We can run a fairly simple example using blobs like this:
from sklearn.datasets import make_blobs
from mmd_critic import MMDCritic
from mmd_critic.kernels import RBFKerneln_samples = 50 # Total number of samples
centers = 4 # Number of clusters
cluster_std = 1 # Standard deviation of the clusters
x, _ = make_blobs(n_samples=n_samples, centers=centers, cluster_std=cluster_std, n_features=2, random_state=42)
x = x.tolist()
# MMD critic with the kernel used for the prototypes being an RBF with sigma=1,
# for the criticisms one with sigma=0.025
critic = MMDCritic(x, RBFKernel(1), RBFKernel(0.025))
protos, _ = critic.select_prototypes(centers)
criticisms, _ = critic.select_criticisms(10, protos)
Then, plotting the points and critiques leads us to…

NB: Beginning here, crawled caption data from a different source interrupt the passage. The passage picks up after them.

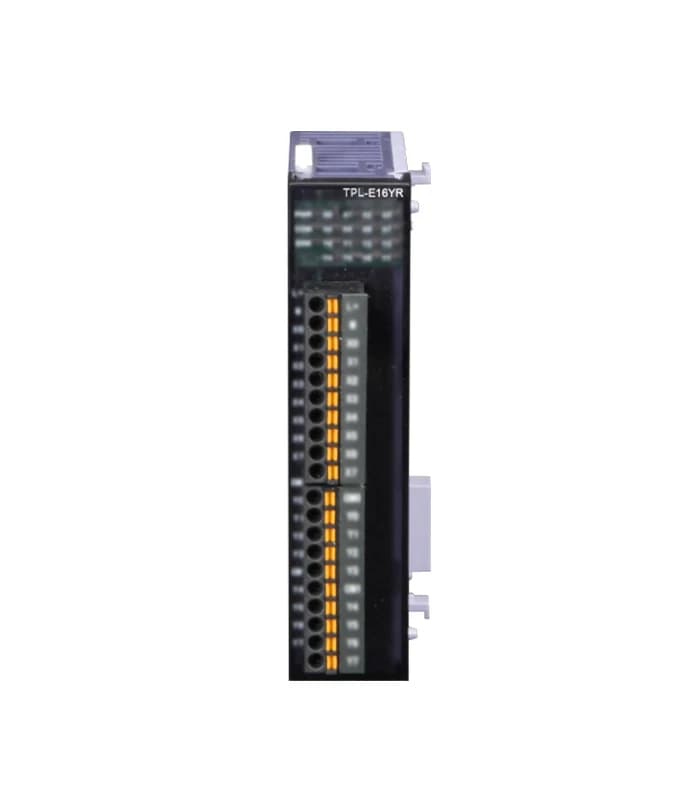 ماژول PLC تتا مدل TPL-E16YR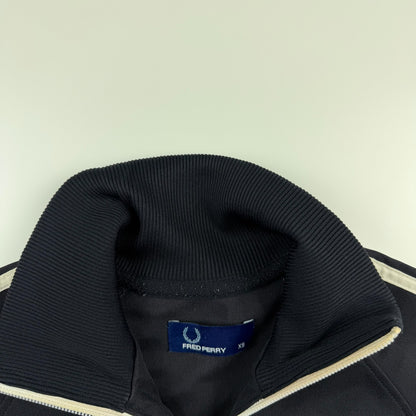 Fred Perry Trackjacket (XS)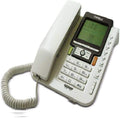 Beetel M71 Corded Landline Phone White
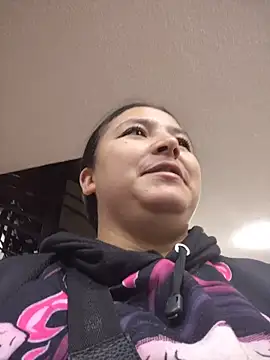 Cute Penelope  online show from January 9, 2026, 11:17 am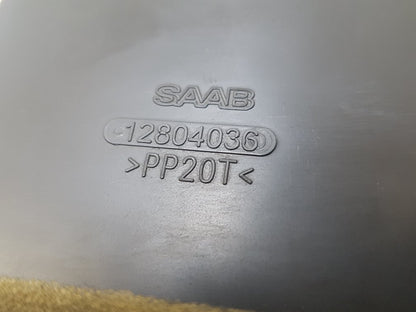 2003 - 2011 Saab 9-3  Convertible AIR VENT (CENTRE FRONT) 12804036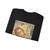 GIOTTO di Bondone - 3. Dream of the Palace (detail) (Artwork) Crewneck Sweatshirt
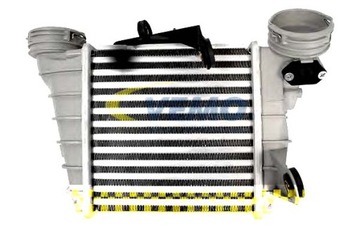 INTERCOOLER SKODA VEMO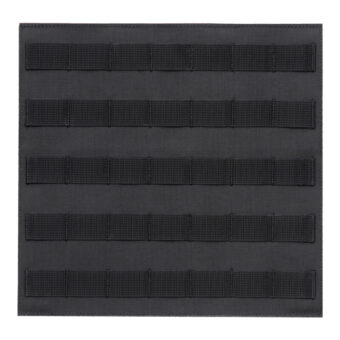 Zone D SM Black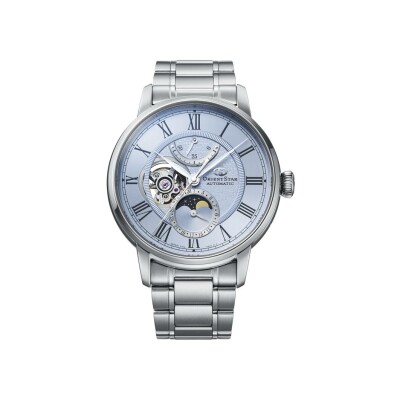 Montre Orient Star Contemporaine RE-BT0007L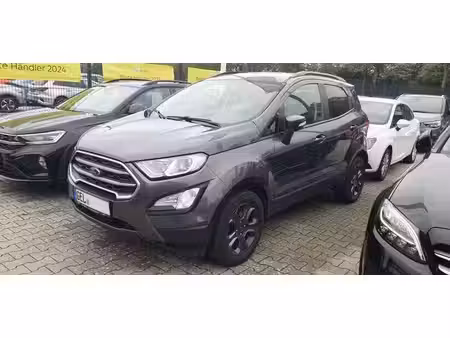 Ford EcoSport 1.0 125 Cool & Connect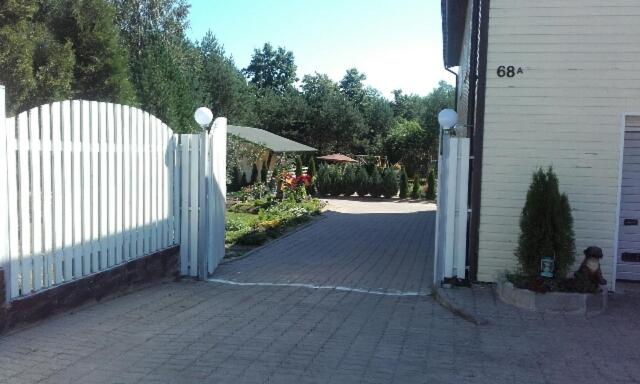 Apartment - Ground Floor photo 2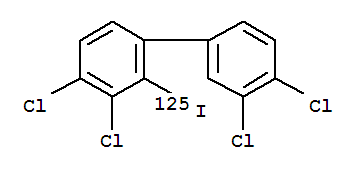 CAS No 142534-73-4  Molecular Structure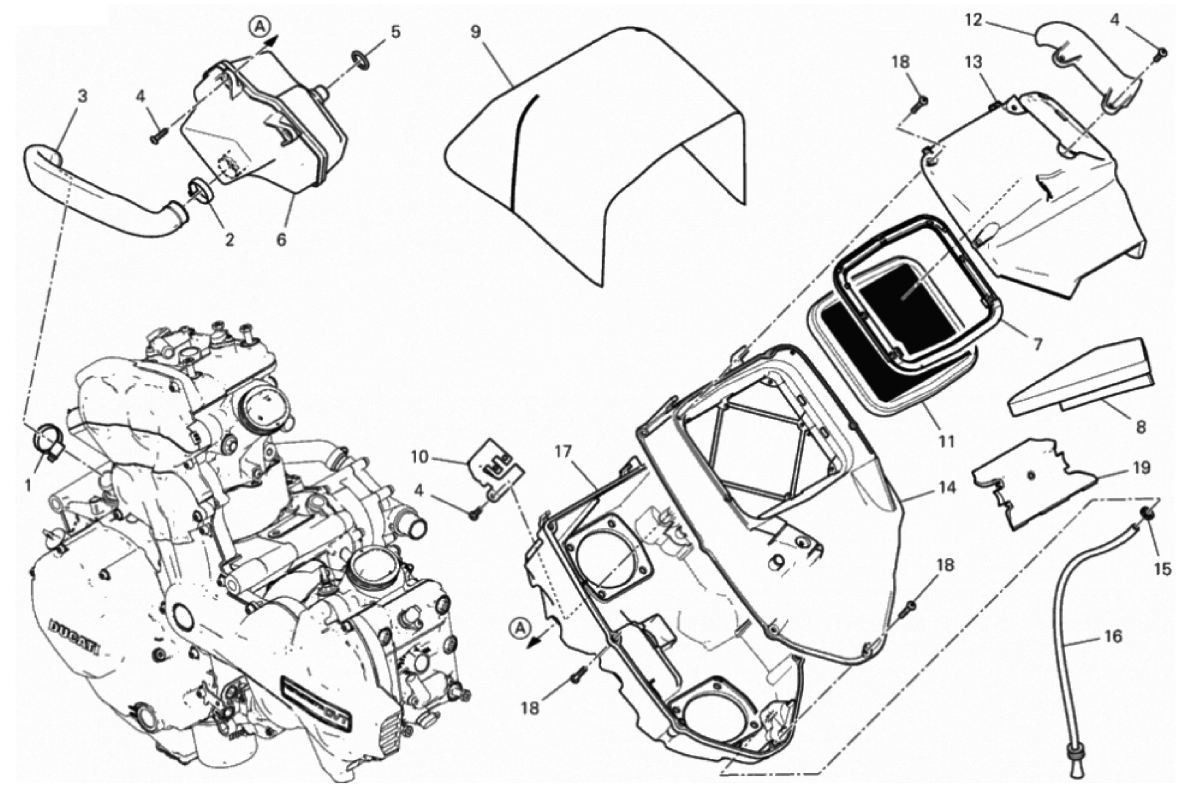 INTAKE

You'll notice that I provided the option to use a separate kernel for prototype and critique selection. This is because I found that critique results, in particular, can be extremely Sensitive to the sigma hyperparameter. This is an unfortunate limitation of the MMD Critic method and kernel methods in general. I have generally had good results using a large sigma for prototypes and a smaller one for critiques.
Of course, we can also use a more complex dataset. Here, for example, the method used in MNIST is shown.³:
from sklearn.datasets import fetch_openml
import numpy as np
from mmd_critic import MMDCritic
from mmd_critic.kernels import RBFKernel# Load MNIST data
mnist = fetch_openml('mnist_784', version=1)
images = (mnist('data').astype(np.float32)).to_numpy() / 255.0
labels = mnist('target').astype(np.int64)
critic = MMDCritic(images(:15000), RBFKernel(2.5), RBFKernel(0.025))
protos, _ = critic.select_prototypes(40)
criticisms, _ = critic.select_criticisms(40, protos)
Which brings us to the next prototypes
and criticism
Pretty neat, huh?
And that's all about the MMD-Critic method. It's pretty simple in essence and nice to use, except for having to play with the Sigma hyperparameter. I hope the newly released Python package will give it more use.
For any inquiries, please contact [email protected]. All images are the property of the author unless otherwise noted.